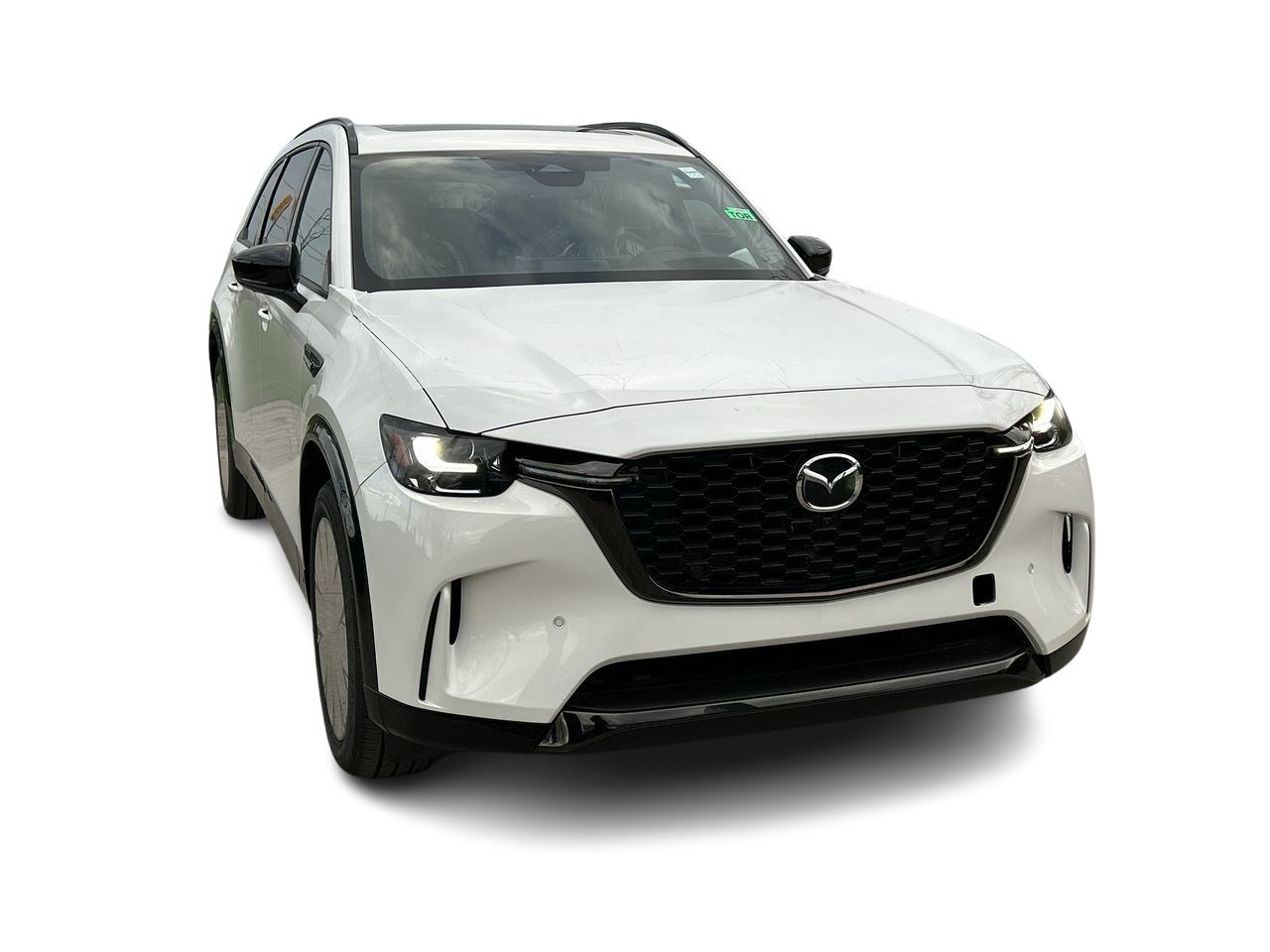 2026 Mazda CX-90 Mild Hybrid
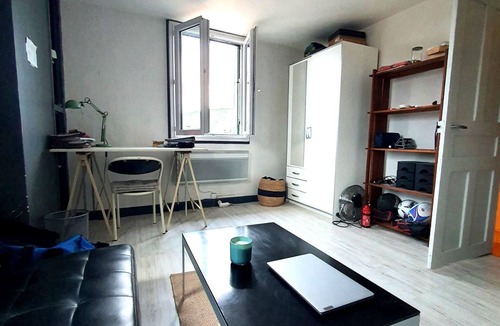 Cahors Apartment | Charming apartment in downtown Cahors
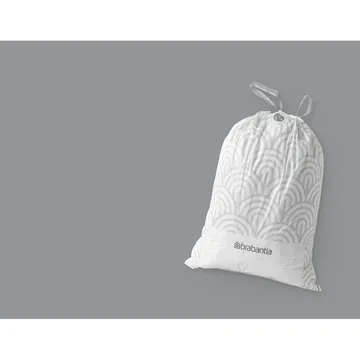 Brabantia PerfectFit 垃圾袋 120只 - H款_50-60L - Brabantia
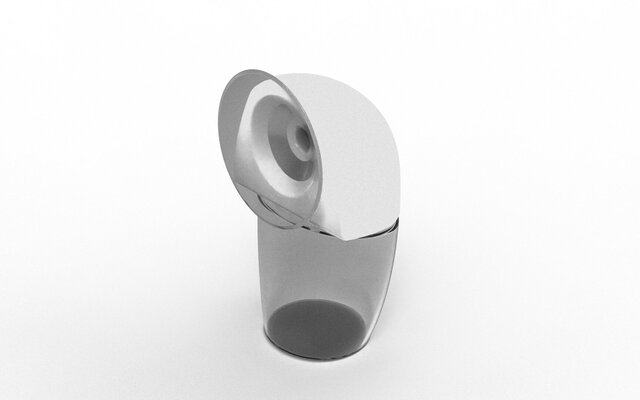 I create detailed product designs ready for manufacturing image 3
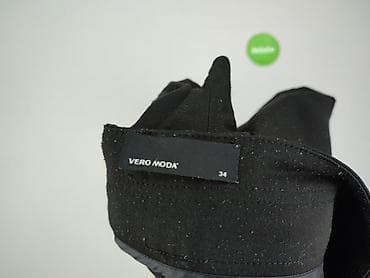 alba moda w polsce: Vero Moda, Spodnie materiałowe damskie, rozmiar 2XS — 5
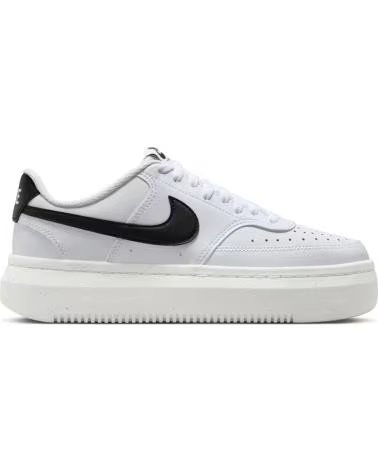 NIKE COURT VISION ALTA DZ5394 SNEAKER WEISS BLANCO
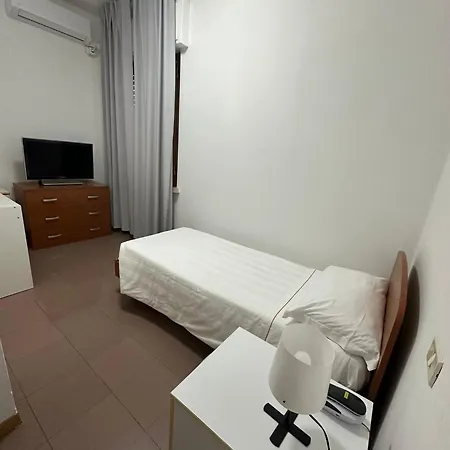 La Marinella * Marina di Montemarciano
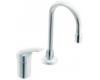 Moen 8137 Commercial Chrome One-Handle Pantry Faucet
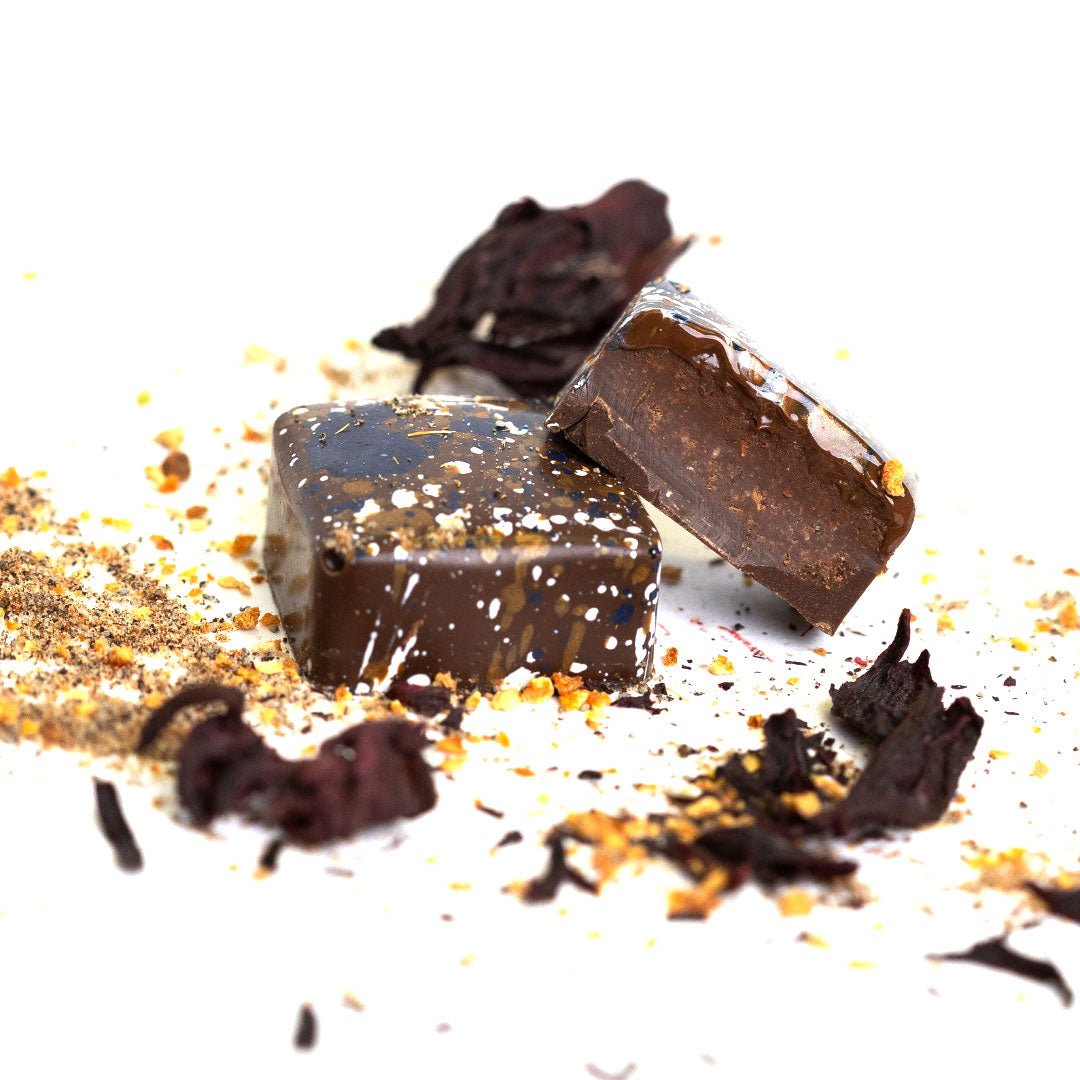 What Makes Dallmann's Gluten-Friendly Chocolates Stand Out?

==============================

• **EXERCISE DESCRIPTION**:
Everything in the listing should be repeated exactly except the pictures.

• **ANSWER BELOW**:
 2026 Mazda CX-90 Mild Hybrid
 Cahors Apartment | Charming apartment in downtown Cahors
 Brabantia PerfectFit 垃圾袋 120只 - H款_50-60L - Brabantia
 I create detailed product designs ready for manufacturing image 3
 alba moda w polsce: Vero Moda, Spodnie materiałowe damskie, rozmiar 2XS — 5
 NIKE COURT VISION ALTA DZ5394 SNEAKER WEISS BLANCO
 La Marinella * Marina di Montemarciano
 Moen 8137 Commercial Chrome One-Handle Pantry Faucet
 What Makes Dallmann's Gluten-Friendly Chocolates Stand Out?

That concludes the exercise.